Sanat müzede kapalı mı kalmalı diye geçirirken aklımdan Ben Jakober sözü devralıyor, o da en sevdiği eseri söylüyor: ‘Hızlı okuma’ adını verdikleri, duvara monte edilmiş, bir motorla hareket eden dev bir tekerlek. Tekerleğin üzerinde dizilmiş kitaplar. Tekerlek döndükçe, kitapların açılıp kapanmasından çıkan bir anlamda uyuşturucu, bir anlamda insanı kitabın da yaşayan bir sanat eseri olduğunu hatırlatan canlandırıcı bir ses… “Sanat müzelerde kapalı kalmak için değildir”  Evlere girebilir, yaşamın her anına eşlik edebilir. Aslına bakarsanız, yaşamın coşkusunu hissedip sanatı gerçekleştirmek değil mi zaten yaşamın özü? 

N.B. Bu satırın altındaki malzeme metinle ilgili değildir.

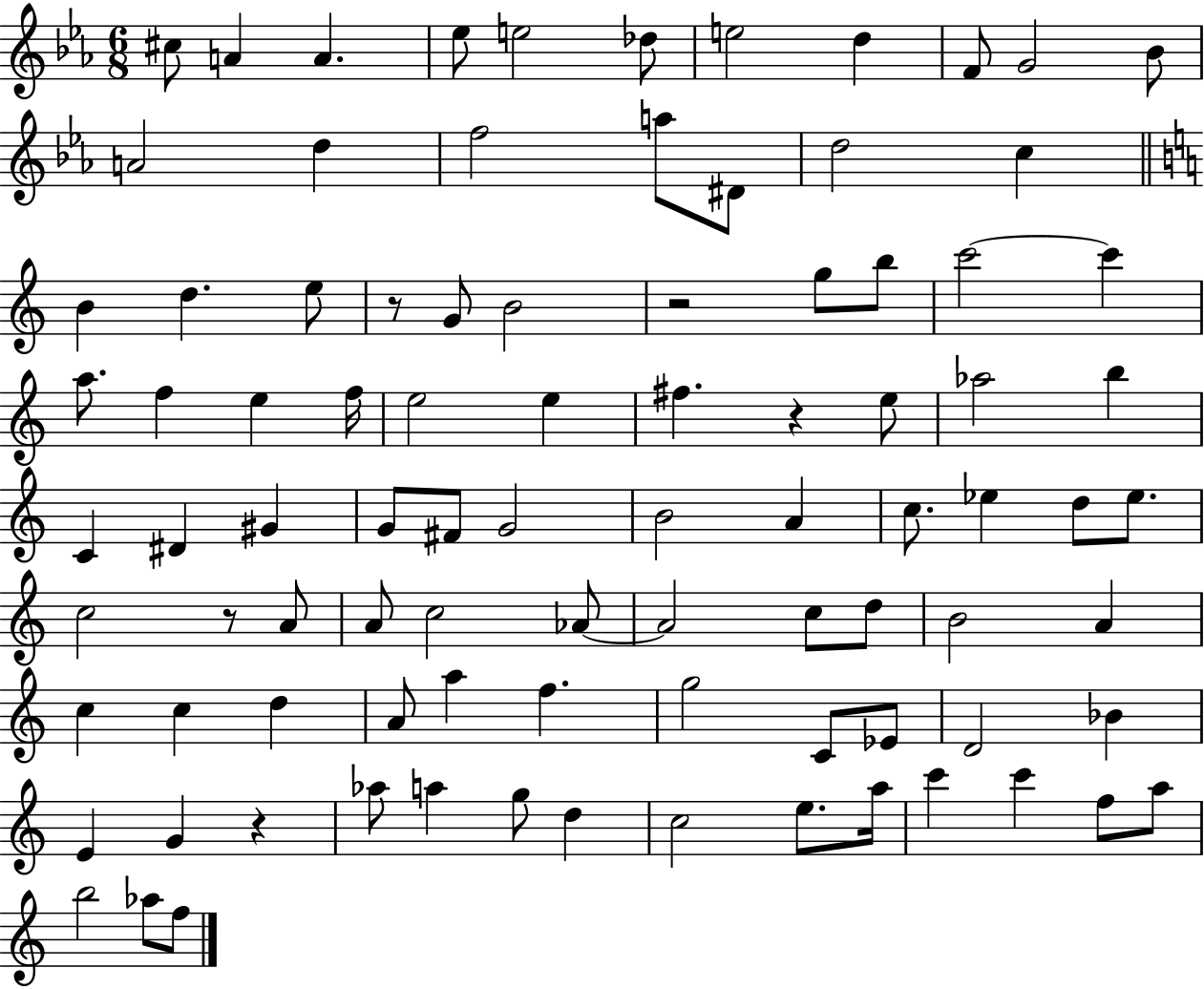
X:1
T:Untitled
M:6/8
L:1/4
K:Eb
^c/2 A A _e/2 e2 _d/2 e2 d F/2 G2 _B/2 A2 d f2 a/2 ^D/2 d2 c B d e/2 z/2 G/2 B2 z2 g/2 b/2 c'2 c' a/2 f e f/4 e2 e ^f z e/2 _a2 b C ^D ^G G/2 ^F/2 G2 B2 A c/2 _e d/2 _e/2 c2 z/2 A/2 A/2 c2 _A/2 _A2 c/2 d/2 B2 A c c d A/2 a f g2 C/2 _E/2 D2 _B E G z _a/2 a g/2 d c2 e/2 a/4 c' c' f/2 a/2 b2 _a/2 f/2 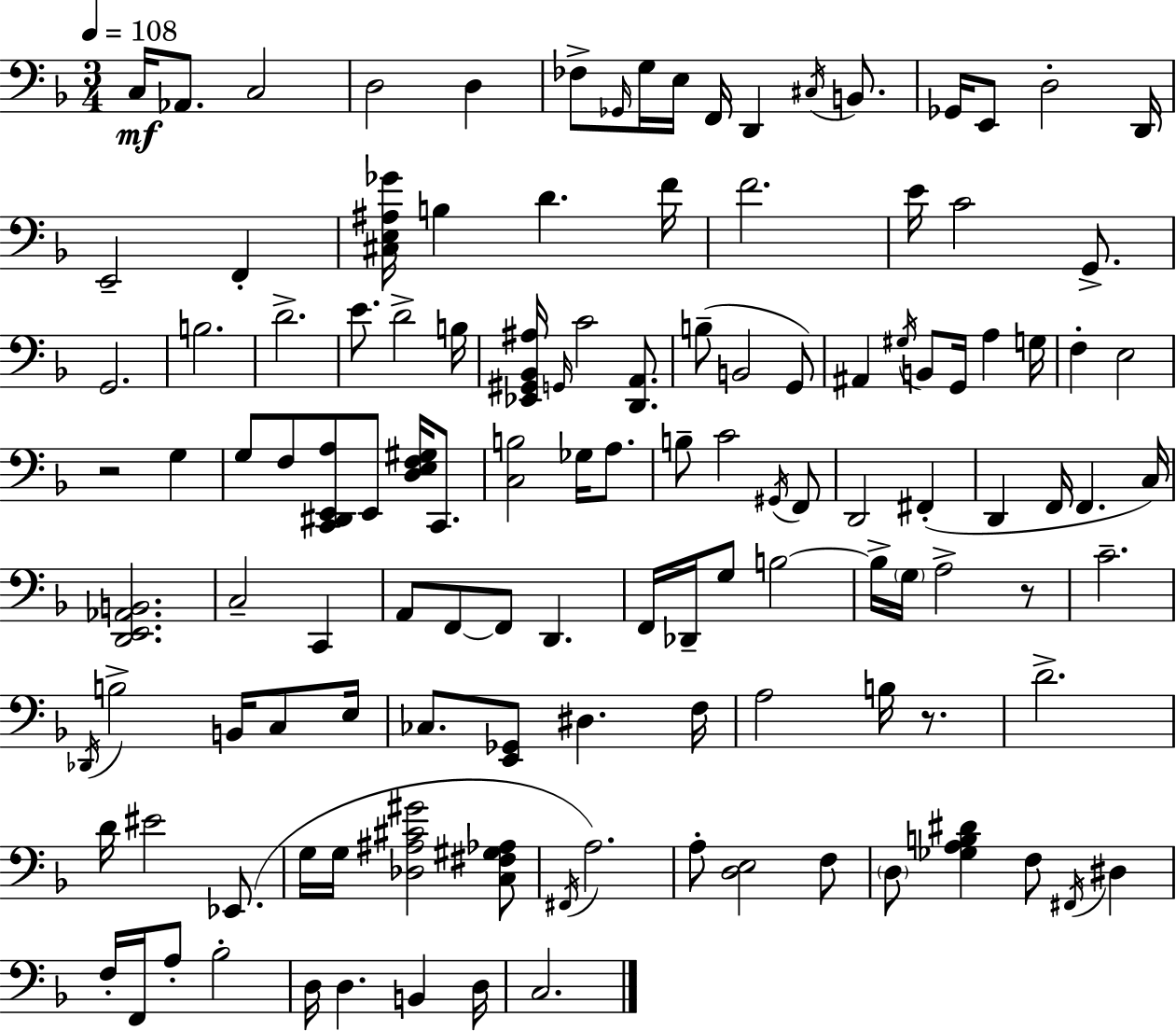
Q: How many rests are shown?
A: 3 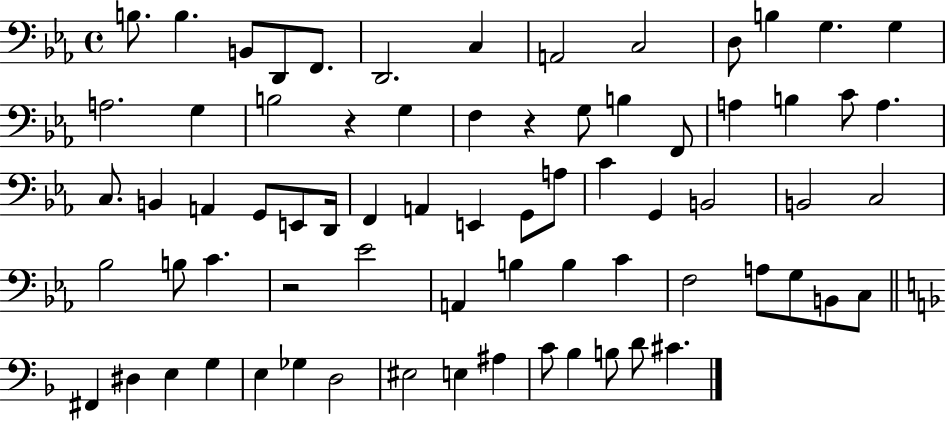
{
  \clef bass
  \time 4/4
  \defaultTimeSignature
  \key ees \major
  b8. b4. b,8 d,8 f,8. | d,2. c4 | a,2 c2 | d8 b4 g4. g4 | \break a2. g4 | b2 r4 g4 | f4 r4 g8 b4 f,8 | a4 b4 c'8 a4. | \break c8. b,4 a,4 g,8 e,8 d,16 | f,4 a,4 e,4 g,8 a8 | c'4 g,4 b,2 | b,2 c2 | \break bes2 b8 c'4. | r2 ees'2 | a,4 b4 b4 c'4 | f2 a8 g8 b,8 c8 | \break \bar "||" \break \key f \major fis,4 dis4 e4 g4 | e4 ges4 d2 | eis2 e4 ais4 | c'8 bes4 b8 d'8 cis'4. | \break \bar "|."
} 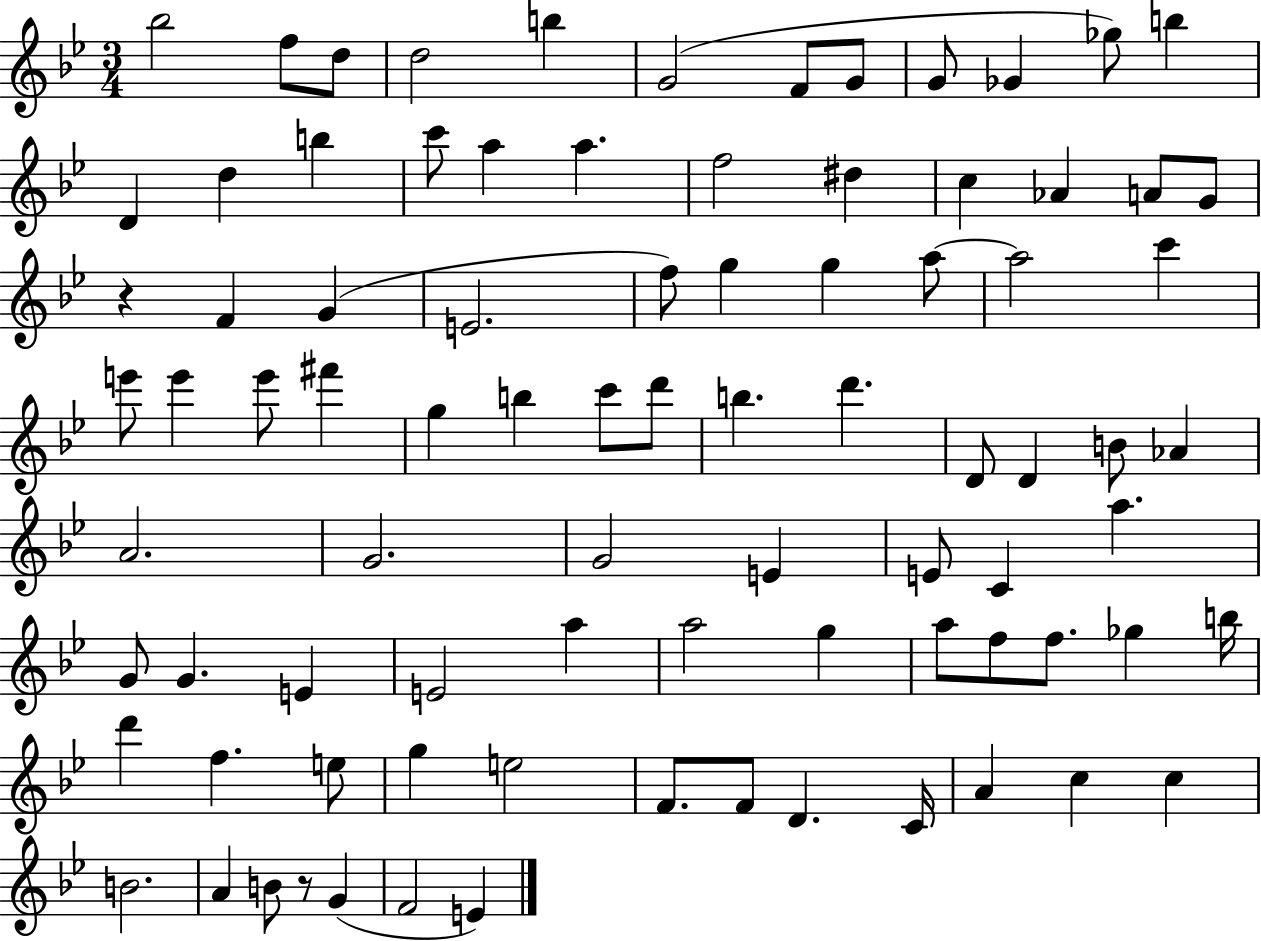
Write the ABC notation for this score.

X:1
T:Untitled
M:3/4
L:1/4
K:Bb
_b2 f/2 d/2 d2 b G2 F/2 G/2 G/2 _G _g/2 b D d b c'/2 a a f2 ^d c _A A/2 G/2 z F G E2 f/2 g g a/2 a2 c' e'/2 e' e'/2 ^f' g b c'/2 d'/2 b d' D/2 D B/2 _A A2 G2 G2 E E/2 C a G/2 G E E2 a a2 g a/2 f/2 f/2 _g b/4 d' f e/2 g e2 F/2 F/2 D C/4 A c c B2 A B/2 z/2 G F2 E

‘Altın Çocuklar’ ve ‘Flashback’ sergileri Pera Müzesinde Ocak başına kadar izlenebilir.

 

Pera Müzesi’ndeki sergi, “kaderleri doğmadan önce çizilmiş 57 soylu çocuğun resimleri üzerinden Avrupa siyasi tarihinin dört yüz yılını, o dönemin aristokrasi geleneklerini, inançlarını ve moda akımlarını keşfetme olanağı veriyor.”